And back several years ago, he was the Reasonable Moderate Republican Politician Minister who Was Not Like Those Crazies.
Not really. Huckabee was the genial, folksy Republican who was careful to act friendly in front of cameras and so the fact that he clearly had completely batshit ideas didn’t always come across. I don’t know anyone who was fooled by him, though I was kind of worried that low information types might be.
You are both wrong. Huckabee is the representative of the median religious right voter. He hates sexually active women, hates abortion, and hates gays.
On the other hand, he thinks his party is way too close to Wall Street and isn’t reflexively against tax increases.
Think a more extreme version of Ross Douthat.
The thing is, the religious right isn’t large enough to elect a candidate, and the rest of the country thinks the religious right is crazy.
Huckabee supported a few smallish tax increases, and supported property tax equalization, which did good things for our schools. As post-Reconstruction Republican governors go, he was no Win Rockefeller, but he was no Frank White, either.
Not that I cared for the man-the first nastygram I got at my newspaper was over something I said about him-but had his points, and he visibly grew in office.
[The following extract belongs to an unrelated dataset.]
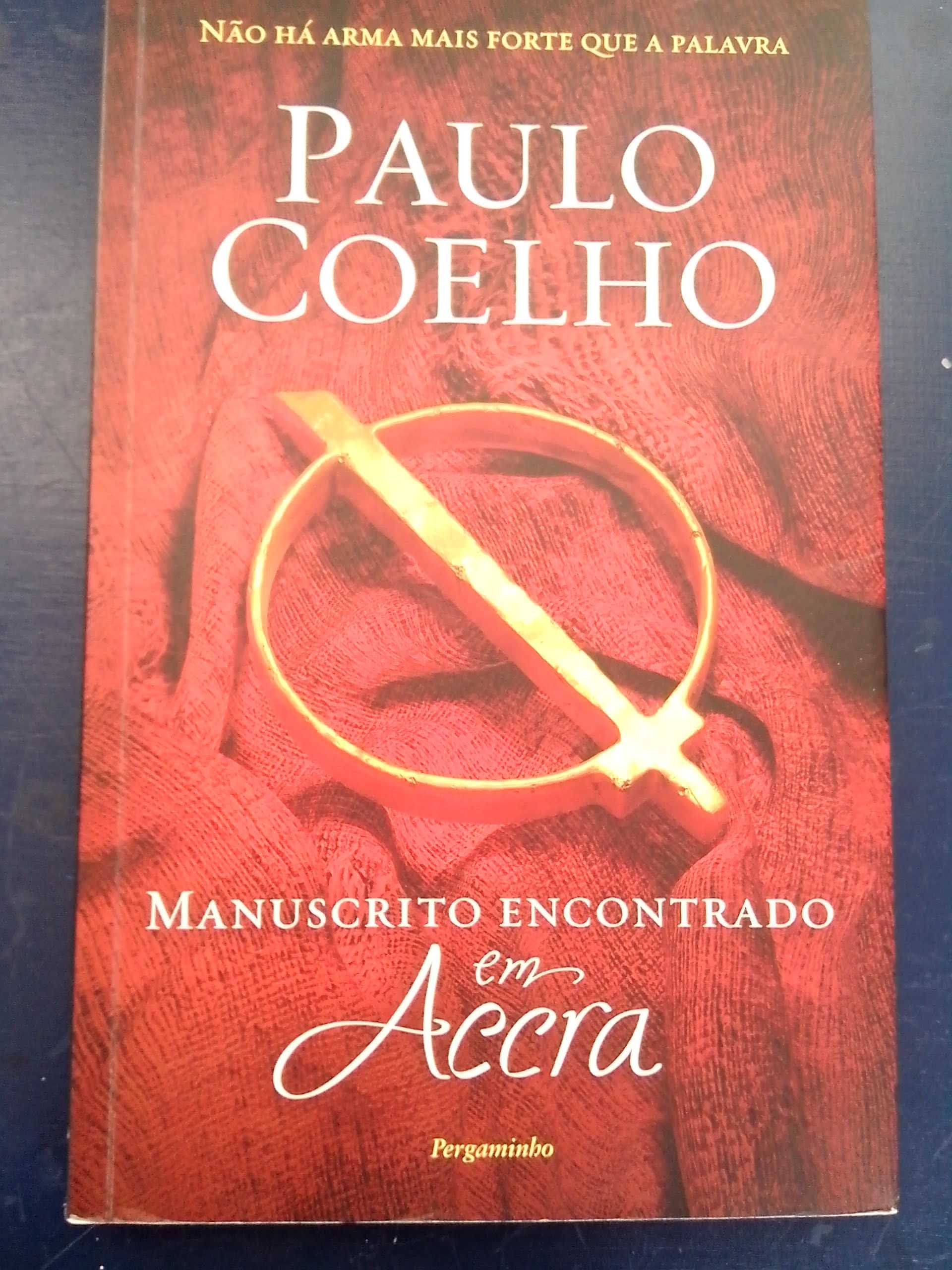Livro "Manuscrito Encontrado em Accra" de Paulo Coelho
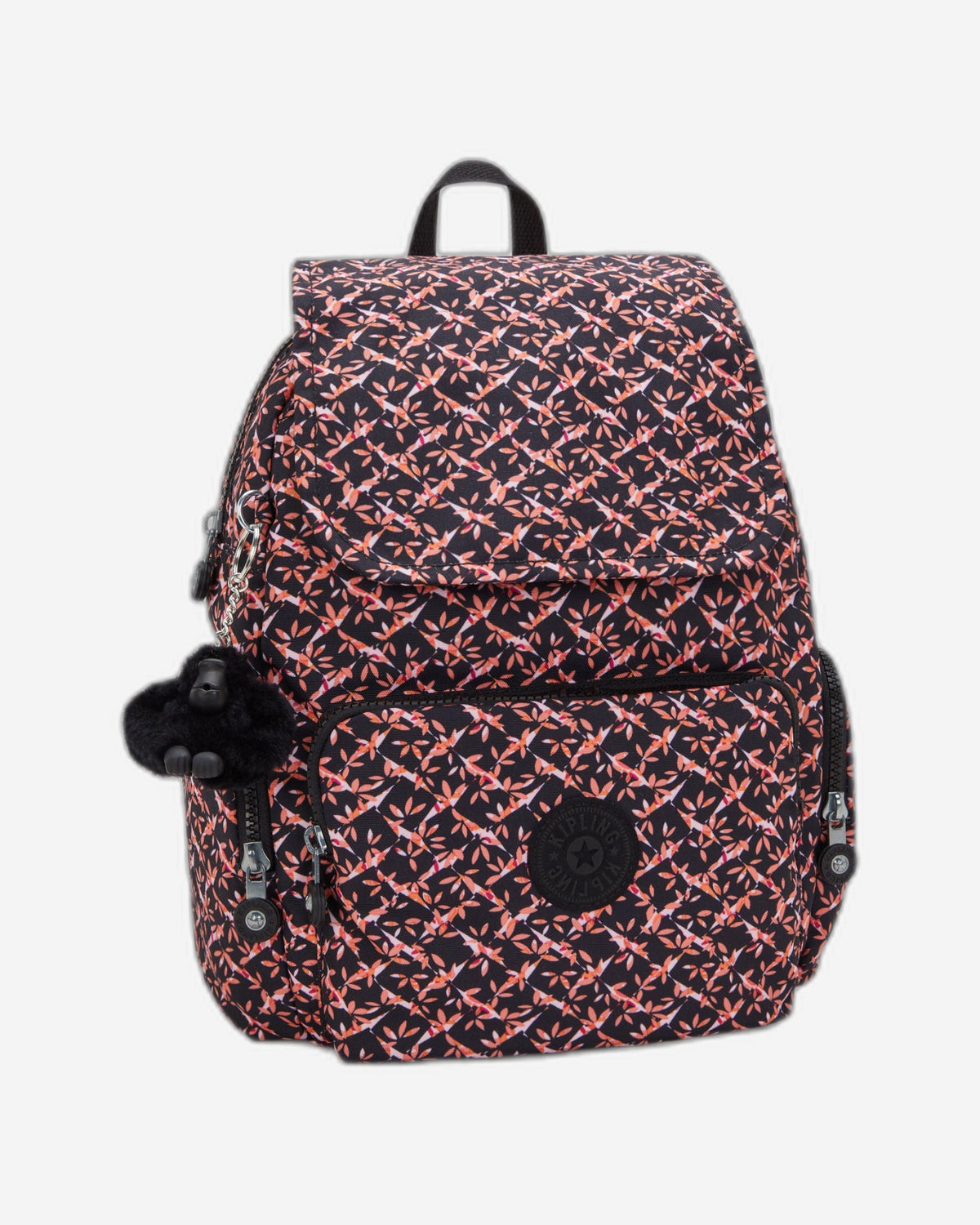 Kipling City Zip S Dancing Bouquet Small Backpack I6345-46X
Some rise to responsibility. It’s too bad he later shrank. I wouldn’t bet on him rising again.
Harrumph. Neither “the Google” nor online M-W has a def for me. Goodness.
I’m a little confused here - I thought the Official Fact-Based Progressive position was that women, and indeed also men and non-binary identified persons, do often have trouble controlling their libidos, especially trying to acheive complete repression, and so instead of a policy of abstinence-based sex ed we should have contraception and STD treatment education & access.
No. More that the exercise of our libidos shouldn’t be conditioned on our reproductive status.